Monday, Sep. 06, 1937
Confucian Wodehouse
THE RETURN OF KAI LUNG--Ernest Bramah--Sheridan House ($2.50).
"It is possible to escape from an enemy carrying a two-edged sword but not from the interference of a well-meaning woman." Such Wodehousian sentiments garbed in Confucian terms are the unmistakable trade-mark of Ernest Bramah (E. B. Smith). His Kai Lung stories, which first began to appear 37 years ago and have been coming out at lengthy intervals ever since, have long delighted patient readers on both sides of the Atlantic. Their low-keyed humor, chess-game pace and subacid satire give them an effect somewhat less than sidesplitting, but for readers who like their slyness slow and stately, Ernest Bramah is a lordly dish. And The Return of Kai Lung shows that his salt has not lost its savor for being kept so long in the attic.

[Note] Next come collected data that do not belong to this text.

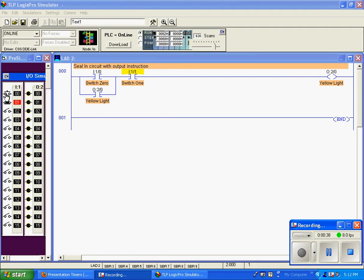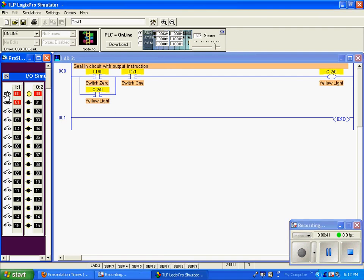I'm going to activate Switch 0 so you can see that everything is now true as I'm holding this. If I release Switch 0, I now have a seal-in circuit — I'm using the yellow light instruction to seal itself in. We can see here that this output for the yellow light is on.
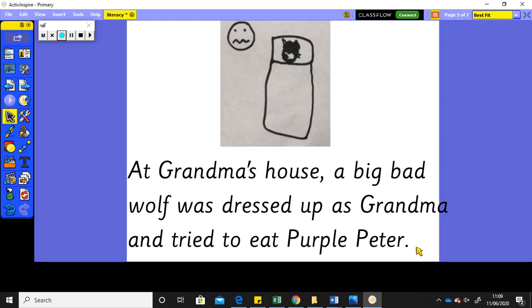So, now I want you to write the problem part of your story. Remember to think about what you want to write. Practice saying your sentence out loud before you write it using your phonics.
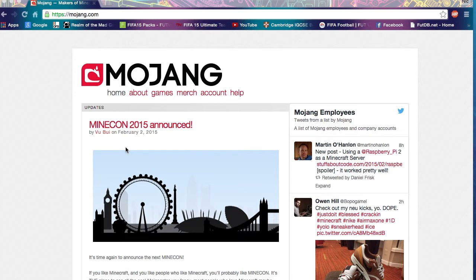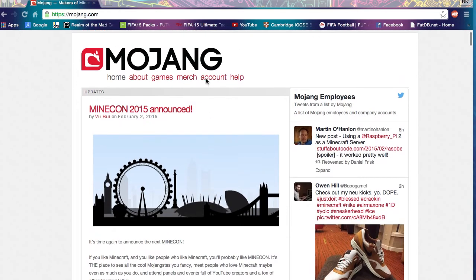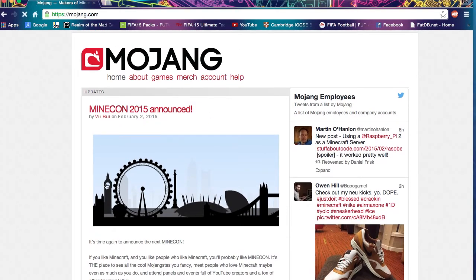I'm here for a tutorial which you guys wanted a lot — this is how to change your Minecraft account name. You want to be on mojang.com, as you can see right here: https://mojang.com. You'll come onto this page, and if you want to go to your account, click on 'account' right there.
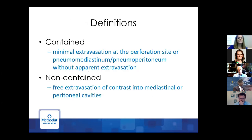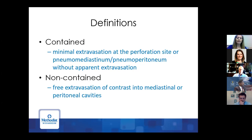What does it mean to have a perforation? It's broken down into two definitions. Contained means minimal extravasation at the site of perforation, with some contamination of the mediastinum with air or in the belly, but no free extravasation into adjacent structures. Non-contained means free extravasation of contrast on your upper GI or CT scan, contaminating whatever space you're in.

T'sin Wong, a mandarin of much potency and some parts, was considerably dismayed when he awoke one morning to find his pigtail gone. A hastily-convened assembly of wise men was not much help, passed the buck to a soothsayer. This worthy declared that within three days a mendicant would appear at the city gates who would make all clear. In due time the mendicant appeared, turned out to be a professional expresser of public apologies and an old drunk into the bargain. Luckily for himself he had with him his granddaughter, Hwa-che, who knew all about solving crimes from reading English detective stories. Hwa-che's first few casts did credit to her training but instead of solving the mystery got herself and several other people into terrible trouble. How everything was enabled to come so deliciously right in the end is the professional secret of Author Bramah.

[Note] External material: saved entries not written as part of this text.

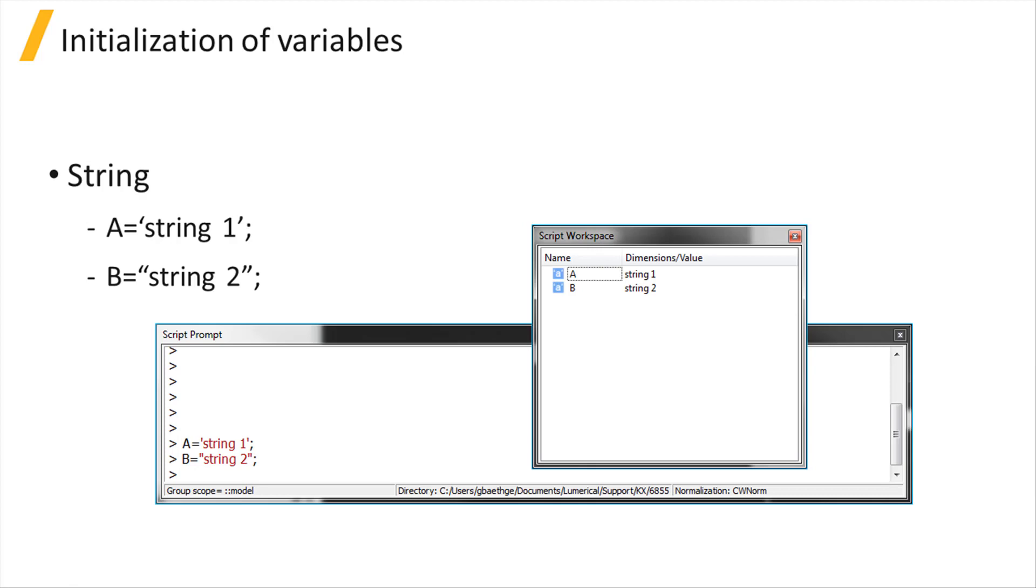To initialize a string variable, you just need to use the equal sign operator. You can use single or double quotes to create a string.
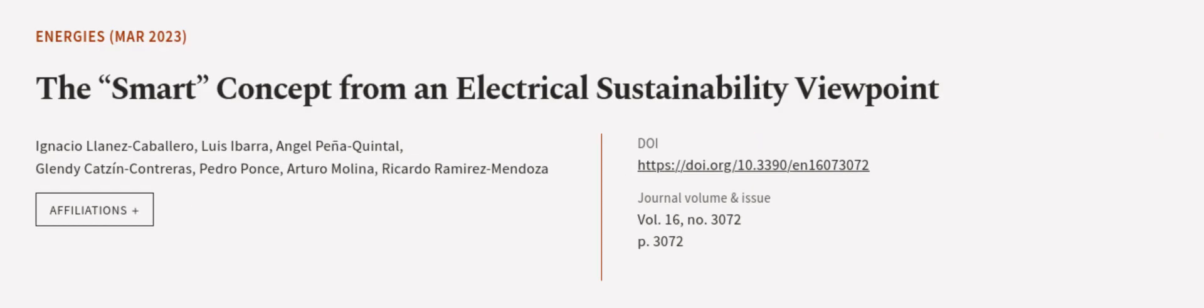This article was authored by Ignacio Lainez Caballero, Luis Ibarra, Angel Pena Quintal, and others. Wearearticle.tv, links in the description below.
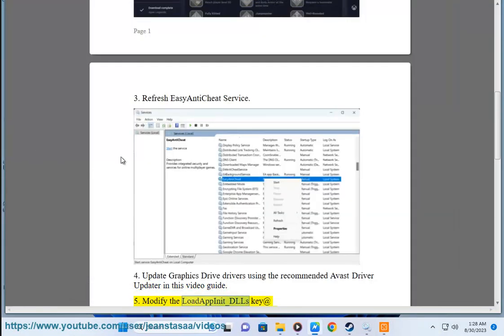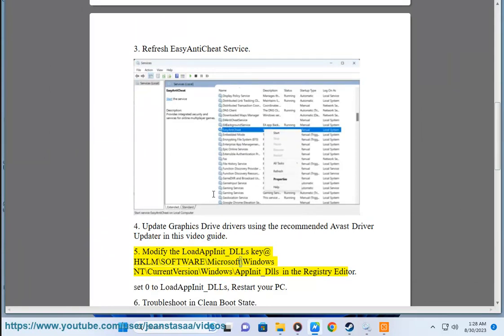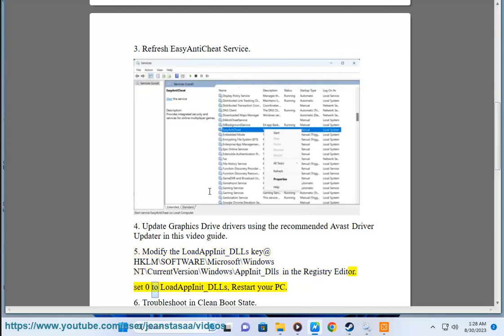Step 5: Modify the LoadAppInit_DLLs key at HKLM\Software\Microsoft\Windows NT\CurrentVersion\Windows\AppInit_DLLs in the registry editor. Set LoadAppInit_DLLs to 0.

Though Bramah characters are, almost invariably, excruciatingly polite no matter what their feelings, they occasionally break into such plain-&-fancy cussing as "Thou concave-eyed and mentally bed-ridden offspring of a bald-seated she-dog!" Their chief delight, however, is in apt aphorisms: ''Two resolute men acting in concord may transform an Empire, but an ordinarily resourceful duck can escape from a dissentient rabble"; "To regard all men as corrupt is wise, but to attempt to discriminate among their various degrees of iniquity is both foolish and discourteous."